__MATERIAL PROVIDED__
'''

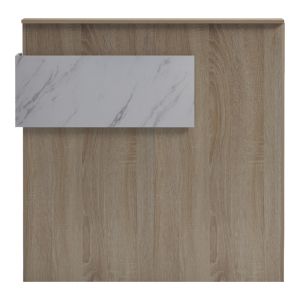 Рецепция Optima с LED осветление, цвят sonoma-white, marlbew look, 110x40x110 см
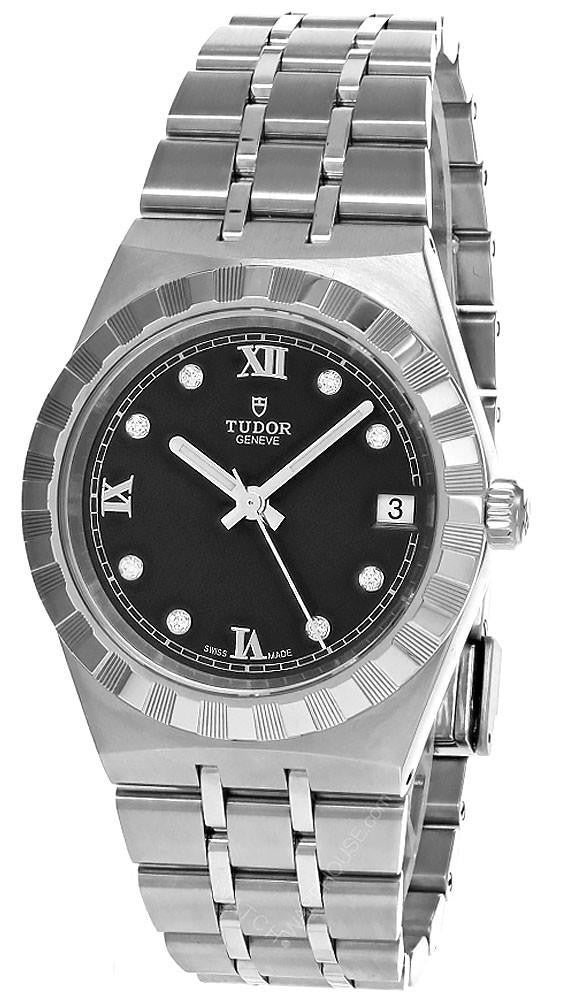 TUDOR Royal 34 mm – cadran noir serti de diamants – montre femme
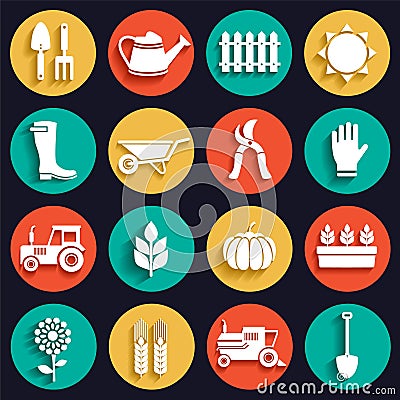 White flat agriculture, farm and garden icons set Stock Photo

'''
'''

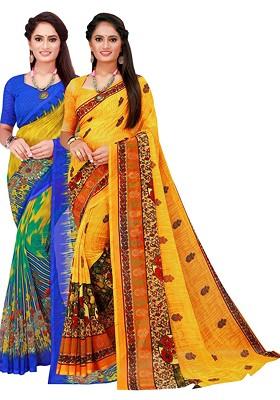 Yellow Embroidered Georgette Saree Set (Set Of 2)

'''
'''

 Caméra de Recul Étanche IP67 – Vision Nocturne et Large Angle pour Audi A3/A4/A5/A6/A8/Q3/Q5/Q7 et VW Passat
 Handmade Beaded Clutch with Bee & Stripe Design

'''

__PROBLEM DESCRIPTION__
A clean copy is needed of the lines in the listing above from the one with "Рецепция Optima с" through the one with "White flat agriculture, farm", exact in every word and free of pictures.

__TASK RESPONSE__
 Рецепция Optima с LED осветление, цвят sonoma-white, marlbew look, 110x40x110 см
 TUDOR Royal 34 mm – cadran noir serti de diamants – montre femme
 White flat agriculture, farm and garden icons set Stock Photo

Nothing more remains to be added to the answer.